表は次第に賑やかになって、灯の影の明るい仲の町には人の跫音が忙がしくきこえた。誰を呼ぶのか、女の甲走った声もおちこちにひびいた。いなせな地廻りのそそり節もきこえた。軽い鼓の調べや重い鉄棒の音や、それもこれも一つになって、人をそそり立てる廓の夜の気分をだんだんに作って来た。外記も落ち着いてはいられないような浮かれ心になった。
急ぐには及ばないと思いながらも、彼の腰は次第に浮いて来た。手酌で一杯飲んで見たが、まだ落ち着いてはいられないので、ふらふらと起って障子をあけると、まだ宵ながら仲の町には黒い人影がつながって動いていた。松が取れてもやっぱり正月だと、外記はいよいよ春めいた心持ちになった。酒の酔いが一度に発したように、総身がむずがゆくほてって来た。
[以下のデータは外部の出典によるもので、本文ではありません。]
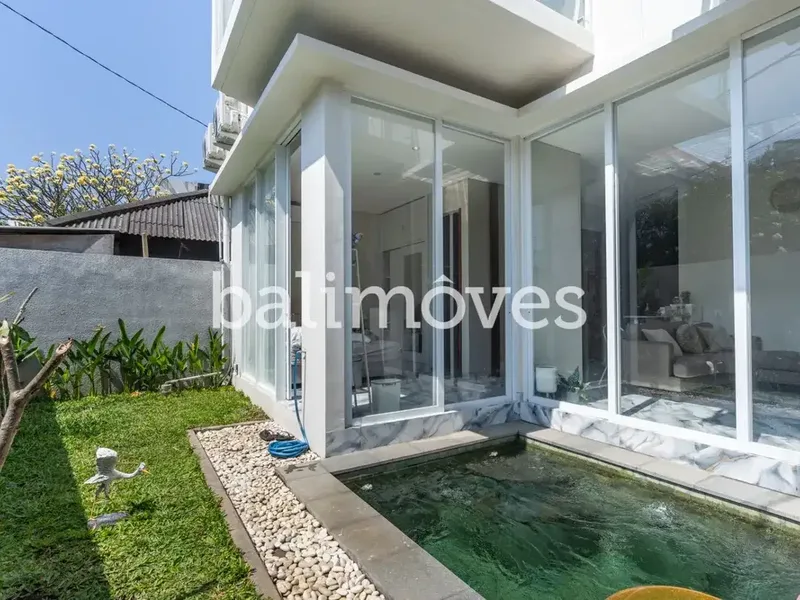 Vila Baru yang Menawan dengan Tiga Kamar Tidur di Sanur - Real Estate in Bali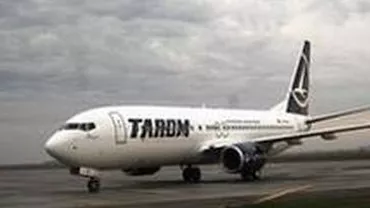 Avion Tarom, ușor avariat după ce a fost lovit de fulger la Istanbul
その混雑のなかを押し分けて、箱提灯がゆらりゆらりと往ったり来たりしているのが外記の眼についた。彼は提灯の紋どころを一々にすかして視た。足かけ三年この廓に入りびたっていても、いわゆる通人にはとても成り得そうもない外記は、そこらに迷っている提灯の紋をうかがっても、鶴の丸は何屋の誰だか、かたばみはどこの何という女だか、一向に見分けが付かなかった。しかし綾衣の紋が下がり藤であるということだけは、確かに知っていた。